▶ _RECORDS PROVIDED_:
******
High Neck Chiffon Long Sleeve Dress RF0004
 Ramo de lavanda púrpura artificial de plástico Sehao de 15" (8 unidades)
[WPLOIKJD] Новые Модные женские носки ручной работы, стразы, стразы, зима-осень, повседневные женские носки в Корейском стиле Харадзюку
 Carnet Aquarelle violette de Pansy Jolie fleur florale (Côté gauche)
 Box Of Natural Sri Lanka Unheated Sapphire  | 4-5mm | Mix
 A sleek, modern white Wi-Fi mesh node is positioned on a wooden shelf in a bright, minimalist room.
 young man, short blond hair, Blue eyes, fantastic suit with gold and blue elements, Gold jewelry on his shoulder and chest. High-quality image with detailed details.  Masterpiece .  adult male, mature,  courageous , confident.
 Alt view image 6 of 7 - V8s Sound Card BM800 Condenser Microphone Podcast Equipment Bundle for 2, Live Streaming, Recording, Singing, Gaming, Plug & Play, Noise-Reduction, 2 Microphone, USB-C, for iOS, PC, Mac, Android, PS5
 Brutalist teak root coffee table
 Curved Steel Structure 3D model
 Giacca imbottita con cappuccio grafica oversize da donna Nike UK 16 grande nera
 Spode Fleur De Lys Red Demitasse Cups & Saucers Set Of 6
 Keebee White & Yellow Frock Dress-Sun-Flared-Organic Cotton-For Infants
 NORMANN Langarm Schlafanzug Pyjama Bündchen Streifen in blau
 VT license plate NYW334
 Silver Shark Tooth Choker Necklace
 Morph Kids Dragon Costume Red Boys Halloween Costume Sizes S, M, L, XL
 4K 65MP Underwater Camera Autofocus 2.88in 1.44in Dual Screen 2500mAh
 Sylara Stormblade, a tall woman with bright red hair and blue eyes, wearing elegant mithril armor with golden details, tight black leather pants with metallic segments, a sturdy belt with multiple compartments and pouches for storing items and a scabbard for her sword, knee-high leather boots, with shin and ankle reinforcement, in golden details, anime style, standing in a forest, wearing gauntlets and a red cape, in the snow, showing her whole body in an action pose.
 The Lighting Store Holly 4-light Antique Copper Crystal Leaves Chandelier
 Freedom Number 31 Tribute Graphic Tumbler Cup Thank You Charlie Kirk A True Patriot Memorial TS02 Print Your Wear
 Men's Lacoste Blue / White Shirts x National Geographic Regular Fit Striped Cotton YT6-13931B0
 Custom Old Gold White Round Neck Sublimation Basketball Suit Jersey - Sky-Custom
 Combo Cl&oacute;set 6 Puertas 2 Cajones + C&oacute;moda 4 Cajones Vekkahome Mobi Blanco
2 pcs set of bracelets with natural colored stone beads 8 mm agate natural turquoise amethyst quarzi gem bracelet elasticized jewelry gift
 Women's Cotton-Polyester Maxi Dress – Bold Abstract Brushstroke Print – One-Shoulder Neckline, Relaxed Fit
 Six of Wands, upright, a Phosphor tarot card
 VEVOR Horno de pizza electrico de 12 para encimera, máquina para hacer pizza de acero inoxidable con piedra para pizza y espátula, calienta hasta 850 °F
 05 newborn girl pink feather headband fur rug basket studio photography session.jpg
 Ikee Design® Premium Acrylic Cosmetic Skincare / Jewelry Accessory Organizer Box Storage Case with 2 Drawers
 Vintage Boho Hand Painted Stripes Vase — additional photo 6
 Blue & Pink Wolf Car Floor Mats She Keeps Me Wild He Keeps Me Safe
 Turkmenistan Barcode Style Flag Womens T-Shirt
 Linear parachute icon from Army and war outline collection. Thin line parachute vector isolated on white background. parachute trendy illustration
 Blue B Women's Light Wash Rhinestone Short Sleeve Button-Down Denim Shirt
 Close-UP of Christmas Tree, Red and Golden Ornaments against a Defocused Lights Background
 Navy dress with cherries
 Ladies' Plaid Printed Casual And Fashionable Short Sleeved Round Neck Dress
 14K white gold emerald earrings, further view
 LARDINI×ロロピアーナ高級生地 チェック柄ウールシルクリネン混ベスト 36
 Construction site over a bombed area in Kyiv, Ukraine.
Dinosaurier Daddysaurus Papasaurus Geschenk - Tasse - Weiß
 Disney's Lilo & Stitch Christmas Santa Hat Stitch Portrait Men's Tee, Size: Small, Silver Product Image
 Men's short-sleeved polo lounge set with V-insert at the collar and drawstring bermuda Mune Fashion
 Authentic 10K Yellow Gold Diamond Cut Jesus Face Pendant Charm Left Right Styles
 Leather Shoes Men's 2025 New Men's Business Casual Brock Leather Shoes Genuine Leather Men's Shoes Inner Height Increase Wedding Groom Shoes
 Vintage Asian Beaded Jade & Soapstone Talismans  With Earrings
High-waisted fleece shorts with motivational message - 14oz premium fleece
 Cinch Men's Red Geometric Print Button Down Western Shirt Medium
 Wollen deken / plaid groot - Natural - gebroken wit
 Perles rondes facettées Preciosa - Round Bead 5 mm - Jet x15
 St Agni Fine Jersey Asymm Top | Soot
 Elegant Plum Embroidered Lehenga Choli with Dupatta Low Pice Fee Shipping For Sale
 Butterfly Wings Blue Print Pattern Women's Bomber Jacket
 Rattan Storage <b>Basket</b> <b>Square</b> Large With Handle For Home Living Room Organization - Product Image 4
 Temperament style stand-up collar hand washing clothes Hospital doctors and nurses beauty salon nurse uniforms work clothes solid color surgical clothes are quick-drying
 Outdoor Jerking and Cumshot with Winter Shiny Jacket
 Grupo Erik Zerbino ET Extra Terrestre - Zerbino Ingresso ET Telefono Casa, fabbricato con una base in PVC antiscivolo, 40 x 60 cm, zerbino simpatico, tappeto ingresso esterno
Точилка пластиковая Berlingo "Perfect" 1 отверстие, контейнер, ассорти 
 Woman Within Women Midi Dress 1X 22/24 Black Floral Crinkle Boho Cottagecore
******
▶ _TASK INSTRUCTIONS_: Would you copy the data exactly as shown above?

▶ _RESULT OF THE TASK_:
High Neck Chiffon Long Sleeve Dress RF0004
 Ramo de lavanda púrpura artificial de plástico Sehao de 15" (8 unidades)
[WPLOIKJD] Новые Модные женские носки ручной работы, стразы, стразы, зима-осень, повседневные женские носки в Корейском стиле Харадзюку
 Carnet Aquarelle violette de Pansy Jolie fleur florale (Côté gauche)
 Box Of Natural Sri Lanka Unheated Sapphire  | 4-5mm | Mix
 A sleek, modern white Wi-Fi mesh node is positioned on a wooden shelf in a bright, minimalist room.
 young man, short blond hair, Blue eyes, fantastic suit with gold and blue elements, Gold jewelry on his shoulder and chest. High-quality image with detailed details.  Masterpiece .  adult male, mature,  courageous , confident.
 Alt view image 6 of 7 - V8s Sound Card BM800 Condenser Microphone Podcast Equipment Bundle for 2, Live Streaming, Recording, Singing, Gaming, Plug & Play, Noise-Reduction, 2 Microphone, USB-C, for iOS, PC, Mac, Android, PS5
 Brutalist teak root coffee table
 Curved Steel Structure 3D model
 Giacca imbottita con cappuccio grafica oversize da donna Nike UK 16 grande nera
 Spode Fleur De Lys Red Demitasse Cups & Saucers Set Of 6
 Keebee White & Yellow Frock Dress-Sun-Flared-Organic Cotton-For Infants
 NORMANN Langarm Schlafanzug Pyjama Bündchen Streifen in blau
 VT license plate NYW334
 Silver Shark Tooth Choker Necklace
 Morph Kids Dragon Costume Red Boys Halloween Costume Sizes S, M, L, XL
 4K 65MP Underwater Camera Autofocus 2.88in 1.44in Dual Screen 2500mAh
 Sylara Stormblade, a tall woman with bright red hair and blue eyes, wearing elegant mithril armor with golden details, tight black leather pants with metallic segments, a sturdy belt with multiple compartments and pouches for storing items and a scabbard for her sword, knee-high leather boots, with shin and ankle reinforcement, in golden details, anime style, standing in a forest, wearing gauntlets and a red cape, in the snow, showing her whole body in an action pose.
 The Lighting Store Holly 4-light Antique Copper Crystal Leaves Chandelier
 Freedom Number 31 Tribute Graphic Tumbler Cup Thank You Charlie Kirk A True Patriot Memorial TS02 Print Your Wear
 Men's Lacoste Blue / White Shirts x National Geographic Regular Fit Striped Cotton YT6-13931B0
 Custom Old Gold White Round Neck Sublimation Basketball Suit Jersey - Sky-Custom
 Combo Cl&oacute;set 6 Puertas 2 Cajones + C&oacute;moda 4 Cajones Vekkahome Mobi Blanco
2 pcs set of bracelets with natural colored stone beads 8 mm agate natural turquoise amethyst quarzi gem bracelet elasticized jewelry gift
 Women's Cotton-Polyester Maxi Dress – Bold Abstract Brushstroke Print – One-Shoulder Neckline, Relaxed Fit
 Six of Wands, upright, a Phosphor tarot card
 VEVOR Horno de pizza electrico de 12 para encimera, máquina para hacer pizza de acero inoxidable con piedra para pizza y espátula, calienta hasta 850 °F
 05 newborn girl pink feather headband fur rug basket studio photography session.jpg
 Ikee Design® Premium Acrylic Cosmetic Skincare / Jewelry Accessory Organizer Box Storage Case with 2 Drawers
 Vintage Boho Hand Painted Stripes Vase — additional photo 6
 Blue & Pink Wolf Car Floor Mats She Keeps Me Wild He Keeps Me Safe
 Turkmenistan Barcode Style Flag Womens T-Shirt
 Linear parachute icon from Army and war outline collection. Thin line parachute vector isolated on white background. parachute trendy illustration
 Blue B Women's Light Wash Rhinestone Short Sleeve Button-Down Denim Shirt
 Close-UP of Christmas Tree, Red and Golden Ornaments against a Defocused Lights Background
 Navy dress with cherries
 Ladies' Plaid Printed Casual And Fashionable Short Sleeved Round Neck Dress
 14K white gold emerald earrings, further view
 LARDINI×ロロピアーナ高級生地 チェック柄ウールシルクリネン混ベスト 36
 Construction site over a bombed area in Kyiv, Ukraine.
Dinosaurier Daddysaurus Papasaurus Geschenk - Tasse - Weiß
 Disney's Lilo & Stitch Christmas Santa Hat Stitch Portrait Men's Tee, Size: Small, Silver Product Image
 Men's short-sleeved polo lounge set with V-insert at the collar and drawstring bermuda Mune Fashion
 Authentic 10K Yellow Gold Diamond Cut Jesus Face Pendant Charm Left Right Styles
 Leather Shoes Men's 2025 New Men's Business Casual Brock Leather Shoes Genuine Leather Men's Shoes Inner Height Increase Wedding Groom Shoes
 Vintage Asian Beaded Jade & Soapstone Talismans  With Earrings
High-waisted fleece shorts with motivational message - 14oz premium fleece
 Cinch Men's Red Geometric Print Button Down Western Shirt Medium
 Wollen deken / plaid groot - Natural - gebroken wit
 Perles rondes facettées Preciosa - Round Bead 5 mm - Jet x15
 St Agni Fine Jersey Asymm Top | Soot
 Elegant Plum Embroidered Lehenga Choli with Dupatta Low Pice Fee Shipping For Sale
 Butterfly Wings Blue Print Pattern Women's Bomber Jacket
 Rattan Storage <b>Basket</b> <b>Square</b> Large With Handle For Home Living Room Organization - Product Image 4
 Temperament style stand-up collar hand washing clothes Hospital doctors and nurses beauty salon nurse uniforms work clothes solid color surgical clothes are quick-drying
 Outdoor Jerking and Cumshot with Winter Shiny Jacket
 Grupo Erik Zerbino ET Extra Terrestre - Zerbino Ingresso ET Telefono Casa, fabbricato con una base in PVC antiscivolo, 40 x 60 cm, zerbino simpatico, tappeto ingresso esterno
Точилка пластиковая Berlingo "Perfect" 1 отверстие, контейнер, ассорти 
 Woman Within Women Midi Dress 1X 22/24 Black Floral Crinkle Boho Cottagecore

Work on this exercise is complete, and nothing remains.